══ MATERIAL SHOWN ══

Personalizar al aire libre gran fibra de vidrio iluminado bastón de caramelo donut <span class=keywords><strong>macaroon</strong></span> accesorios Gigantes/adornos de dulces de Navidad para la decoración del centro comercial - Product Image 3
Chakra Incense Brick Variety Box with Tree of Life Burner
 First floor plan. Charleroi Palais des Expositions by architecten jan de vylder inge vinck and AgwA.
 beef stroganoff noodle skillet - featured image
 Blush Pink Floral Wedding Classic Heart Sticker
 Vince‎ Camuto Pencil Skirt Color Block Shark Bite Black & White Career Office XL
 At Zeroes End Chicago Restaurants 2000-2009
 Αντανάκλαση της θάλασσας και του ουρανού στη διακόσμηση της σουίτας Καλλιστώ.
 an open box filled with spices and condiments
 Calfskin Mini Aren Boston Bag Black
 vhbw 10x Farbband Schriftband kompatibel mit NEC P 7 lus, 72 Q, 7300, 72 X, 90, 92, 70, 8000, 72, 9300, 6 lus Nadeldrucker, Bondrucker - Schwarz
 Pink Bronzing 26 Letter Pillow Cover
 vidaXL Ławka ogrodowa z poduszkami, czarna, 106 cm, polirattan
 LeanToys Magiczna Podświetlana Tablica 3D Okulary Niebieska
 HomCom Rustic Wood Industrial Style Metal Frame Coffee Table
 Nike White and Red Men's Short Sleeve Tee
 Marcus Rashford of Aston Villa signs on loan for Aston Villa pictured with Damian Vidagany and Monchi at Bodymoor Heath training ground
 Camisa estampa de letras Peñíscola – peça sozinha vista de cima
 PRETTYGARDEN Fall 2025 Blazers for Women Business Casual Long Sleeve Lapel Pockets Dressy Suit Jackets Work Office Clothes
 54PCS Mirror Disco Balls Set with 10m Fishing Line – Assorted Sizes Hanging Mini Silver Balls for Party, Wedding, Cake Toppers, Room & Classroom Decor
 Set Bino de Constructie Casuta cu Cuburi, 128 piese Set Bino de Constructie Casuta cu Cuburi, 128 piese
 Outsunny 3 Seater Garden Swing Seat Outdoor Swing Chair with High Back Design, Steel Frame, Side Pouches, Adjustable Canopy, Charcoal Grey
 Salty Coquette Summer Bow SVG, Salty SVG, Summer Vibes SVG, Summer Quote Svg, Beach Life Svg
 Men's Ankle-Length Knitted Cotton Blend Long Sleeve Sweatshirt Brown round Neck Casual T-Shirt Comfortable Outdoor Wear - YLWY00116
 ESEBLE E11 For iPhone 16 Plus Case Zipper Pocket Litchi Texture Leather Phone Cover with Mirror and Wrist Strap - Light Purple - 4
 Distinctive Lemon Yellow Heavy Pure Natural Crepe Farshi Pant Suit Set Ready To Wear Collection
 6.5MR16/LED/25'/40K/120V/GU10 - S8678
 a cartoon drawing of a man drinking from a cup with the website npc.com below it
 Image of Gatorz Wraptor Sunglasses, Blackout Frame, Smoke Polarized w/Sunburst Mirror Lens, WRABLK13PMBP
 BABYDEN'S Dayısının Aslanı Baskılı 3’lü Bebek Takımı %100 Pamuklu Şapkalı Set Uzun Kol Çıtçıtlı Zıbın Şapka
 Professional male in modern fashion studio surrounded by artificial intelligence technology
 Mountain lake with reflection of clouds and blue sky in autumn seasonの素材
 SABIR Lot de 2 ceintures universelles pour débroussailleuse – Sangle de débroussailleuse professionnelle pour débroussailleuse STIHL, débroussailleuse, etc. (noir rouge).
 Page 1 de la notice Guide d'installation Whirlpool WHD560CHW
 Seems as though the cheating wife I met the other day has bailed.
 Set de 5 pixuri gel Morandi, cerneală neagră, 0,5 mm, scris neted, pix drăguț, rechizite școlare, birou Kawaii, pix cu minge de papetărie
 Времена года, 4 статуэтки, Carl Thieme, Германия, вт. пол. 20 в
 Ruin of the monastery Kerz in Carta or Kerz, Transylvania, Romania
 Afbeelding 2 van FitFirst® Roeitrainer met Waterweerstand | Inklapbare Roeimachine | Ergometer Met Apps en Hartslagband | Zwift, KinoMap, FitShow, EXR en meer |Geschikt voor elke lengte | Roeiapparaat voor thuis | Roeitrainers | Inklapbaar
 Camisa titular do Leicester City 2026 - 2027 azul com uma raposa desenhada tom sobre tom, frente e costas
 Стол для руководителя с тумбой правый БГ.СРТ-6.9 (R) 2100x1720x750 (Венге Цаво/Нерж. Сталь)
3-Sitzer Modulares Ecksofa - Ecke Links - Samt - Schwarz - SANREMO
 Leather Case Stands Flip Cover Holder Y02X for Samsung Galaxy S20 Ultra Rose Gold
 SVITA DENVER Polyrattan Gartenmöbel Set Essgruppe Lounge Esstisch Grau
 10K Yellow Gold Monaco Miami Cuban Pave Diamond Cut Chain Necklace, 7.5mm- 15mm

═══

- TASK INSTRUCTIONS: Word for word, transcribe each of the entries above.

- ANSWER AREA:
Personalizar al aire libre gran fibra de vidrio iluminado bastón de caramelo donut <span class=keywords><strong>macaroon</strong></span> accesorios Gigantes/adornos de dulces de Navidad para la decoración del centro comercial - Product Image 3
Chakra Incense Brick Variety Box with Tree of Life Burner
 First floor plan. Charleroi Palais des Expositions by architecten jan de vylder inge vinck and AgwA.
 beef stroganoff noodle skillet - featured image
 Blush Pink Floral Wedding Classic Heart Sticker
 Vince‎ Camuto Pencil Skirt Color Block Shark Bite Black & White Career Office XL
 At Zeroes End Chicago Restaurants 2000-2009
 Αντανάκλαση της θάλασσας και του ουρανού στη διακόσμηση της σουίτας Καλλιστώ.
 an open box filled with spices and condiments
 Calfskin Mini Aren Boston Bag Black
 vhbw 10x Farbband Schriftband kompatibel mit NEC P 7 lus, 72 Q, 7300, 72 X, 90, 92, 70, 8000, 72, 9300, 6 lus Nadeldrucker, Bondrucker - Schwarz
 Pink Bronzing 26 Letter Pillow Cover
 vidaXL Ławka ogrodowa z poduszkami, czarna, 106 cm, polirattan
 LeanToys Magiczna Podświetlana Tablica 3D Okulary Niebieska
 HomCom Rustic Wood Industrial Style Metal Frame Coffee Table
 Nike White and Red Men's Short Sleeve Tee
 Marcus Rashford of Aston Villa signs on loan for Aston Villa pictured with Damian Vidagany and Monchi at Bodymoor Heath training ground
 Camisa estampa de letras Peñíscola – peça sozinha vista de cima
 PRETTYGARDEN Fall 2025 Blazers for Women Business Casual Long Sleeve Lapel Pockets Dressy Suit Jackets Work Office Clothes
 54PCS Mirror Disco Balls Set with 10m Fishing Line – Assorted Sizes Hanging Mini Silver Balls for Party, Wedding, Cake Toppers, Room & Classroom Decor
 Set Bino de Constructie Casuta cu Cuburi, 128 piese Set Bino de Constructie Casuta cu Cuburi, 128 piese
 Outsunny 3 Seater Garden Swing Seat Outdoor Swing Chair with High Back Design, Steel Frame, Side Pouches, Adjustable Canopy, Charcoal Grey
 Salty Coquette Summer Bow SVG, Salty SVG, Summer Vibes SVG, Summer Quote Svg, Beach Life Svg
 Men's Ankle-Length Knitted Cotton Blend Long Sleeve Sweatshirt Brown round Neck Casual T-Shirt Comfortable Outdoor Wear - YLWY00116
 ESEBLE E11 For iPhone 16 Plus Case Zipper Pocket Litchi Texture Leather Phone Cover with Mirror and Wrist Strap - Light Purple - 4
 Distinctive Lemon Yellow Heavy Pure Natural Crepe Farshi Pant Suit Set Ready To Wear Collection
 6.5MR16/LED/25'/40K/120V/GU10 - S8678
 a cartoon drawing of a man drinking from a cup with the website npc.com below it
 Image of Gatorz Wraptor Sunglasses, Blackout Frame, Smoke Polarized w/Sunburst Mirror Lens, WRABLK13PMBP
 BABYDEN'S Dayısının Aslanı Baskılı 3’lü Bebek Takımı %100 Pamuklu Şapkalı Set Uzun Kol Çıtçıtlı Zıbın Şapka
 Professional male in modern fashion studio surrounded by artificial intelligence technology
 Mountain lake with reflection of clouds and blue sky in autumn seasonの素材
 SABIR Lot de 2 ceintures universelles pour débroussailleuse – Sangle de débroussailleuse professionnelle pour débroussailleuse STIHL, débroussailleuse, etc. (noir rouge).
 Page 1 de la notice Guide d'installation Whirlpool WHD560CHW
 Seems as though the cheating wife I met the other day has bailed.
 Set de 5 pixuri gel Morandi, cerneală neagră, 0,5 mm, scris neted, pix drăguț, rechizite școlare, birou Kawaii, pix cu minge de papetărie
 Времена года, 4 статуэтки, Carl Thieme, Германия, вт. пол. 20 в
 Ruin of the monastery Kerz in Carta or Kerz, Transylvania, Romania
 Afbeelding 2 van FitFirst® Roeitrainer met Waterweerstand | Inklapbare Roeimachine | Ergometer Met Apps en Hartslagband | Zwift, KinoMap, FitShow, EXR en meer |Geschikt voor elke lengte | Roeiapparaat voor thuis | Roeitrainers | Inklapbaar
 Camisa titular do Leicester City 2026 - 2027 azul com uma raposa desenhada tom sobre tom, frente e costas
 Стол для руководителя с тумбой правый БГ.СРТ-6.9 (R) 2100x1720x750 (Венге Цаво/Нерж. Сталь)
3-Sitzer Modulares Ecksofa - Ecke Links - Samt - Schwarz - SANREMO
 Leather Case Stands Flip Cover Holder Y02X for Samsung Galaxy S20 Ultra Rose Gold
 SVITA DENVER Polyrattan Gartenmöbel Set Essgruppe Lounge Esstisch Grau
 10K Yellow Gold Monaco Miami Cuban Pave Diamond Cut Chain Necklace, 7.5mm- 15mm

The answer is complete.